* **PROBLEM REQUIREMENTS**
Work out how many lines of the data below hold the string "near". Answer with that number alone.

* **PROVIDED ENTRIES**
++++++++

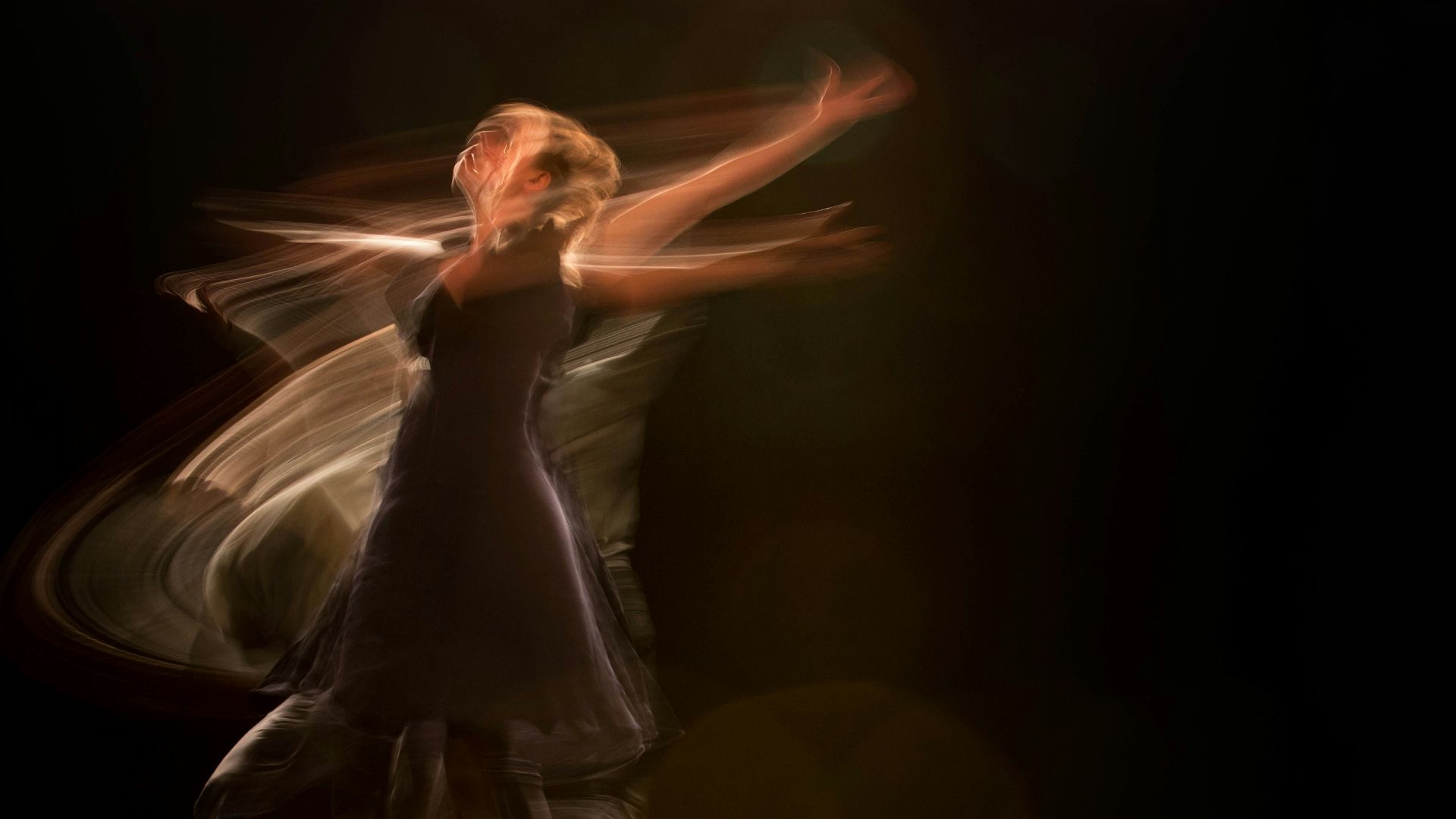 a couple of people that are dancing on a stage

++++++++

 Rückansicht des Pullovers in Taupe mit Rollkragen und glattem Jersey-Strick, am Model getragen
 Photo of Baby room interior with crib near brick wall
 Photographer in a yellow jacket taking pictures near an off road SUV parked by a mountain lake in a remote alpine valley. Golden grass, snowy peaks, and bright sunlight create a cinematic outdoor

++++++++

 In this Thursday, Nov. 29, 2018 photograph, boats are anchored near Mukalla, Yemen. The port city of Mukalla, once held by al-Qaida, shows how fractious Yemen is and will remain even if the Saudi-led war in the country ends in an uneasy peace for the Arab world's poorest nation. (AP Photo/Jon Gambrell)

++++++++

* **RESPONSE TO THIS EXERCISE**
3